I'm looking at buying a dovetail jig and wondered if anyone has any advise? Trend CDJ300 is the main contender, but would appreciate any input before i commit. Thanks


----------



## Woody2Shoes (10 Jul 2020)

The Axminster UKJ jig(s) is(are) possibly better value, but either would be fine. A key concern is the availability of spare cutters and other parts (e.g. the combs can get tatty over time) into the future. Are you sure that hand-cut dovetails mightn't be better (they nearly always look better)?


----------



## dannyboy74 (11 Jul 2020)

Thanks for that. I'll look into the cutters. I have a fair few drawer boxes to make, hence the need to use the router. Would prefer to make them all by hand, but don't have the time. Some posts have mentioned the axminster jig having problems with depth, and people having to adapt them to suit. Not sure of that's the case


----------



## beech1948 (14 Aug 2020)

I think that many of these jigs come from the same factory and are simply painted to suit the company scheme of the buyer. Hundreds of these all look the same. The point is making a judgement on the "best" become a frustrating experience as you are judging minute differences. 

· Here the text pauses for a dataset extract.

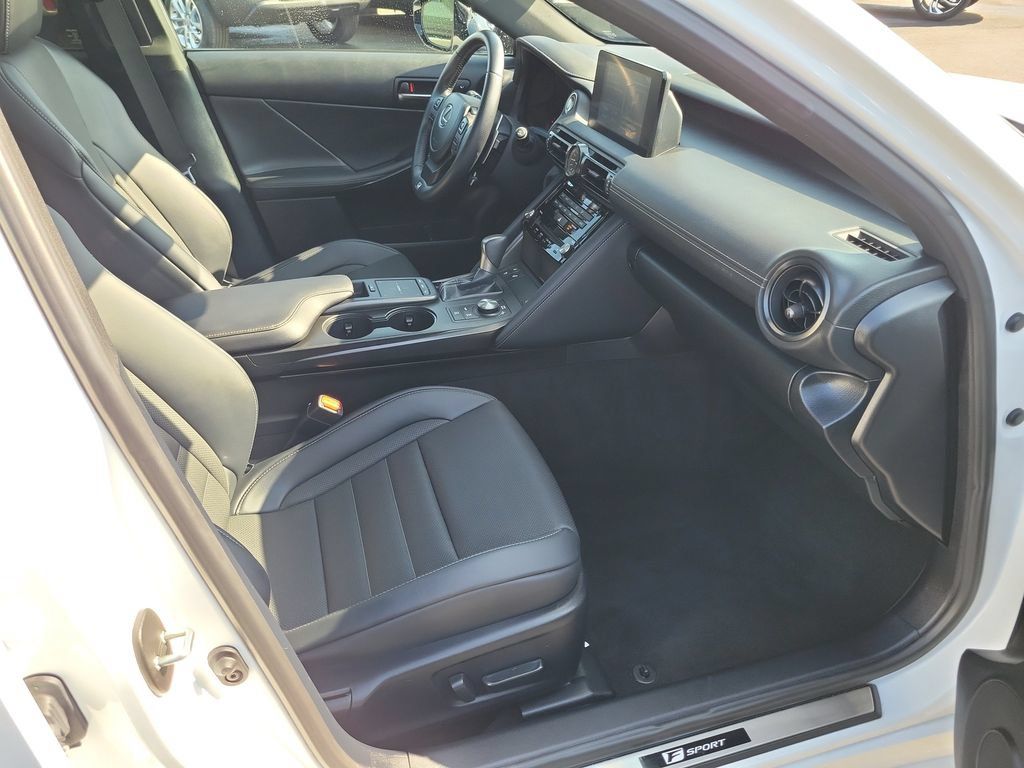 Used 2025 Lexus IS 350 F Sport w/ Accessory Package 2 RWD image 18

I have had 3 of these jigs in different colours but all basically the same gadget. I now own a Leigh D4 which works very well.


----------



## Tim Nott (30 Aug 2020)

I use a Trend DC400, which is a rebadged version of an American Jig. Instead of a comb it has fingers, which fit into indexed slots at 3mm intervals. This makes it possible to create unevenly spaced dovetails, and is very easy to set up - the only fiddle being the router bit depth. It does through and half-blind dovetails as well as comb joints. Unfortunately, it seems to have been discontinued, but you might find one second hand.


----------



## sprog1 (3 Sep 2020)

dannyboy74 said:


> Hi all.
> 
> I'm looking at buying a dovetail jig and wondered if anyone has any advise? Trend CDJ300 is the main contender, but would appreciate any input before i commit. Thanks


Hi Danny Look at the Leigh Pro dovetail jig they make 3 different sizes 12, 18 & 24 ins & has far has I know, it is the only jig that you move the guides to make them look hand cut, It, to me is the best on the market, but expensive. There is also a lot of video's on Utube on how to use it


----------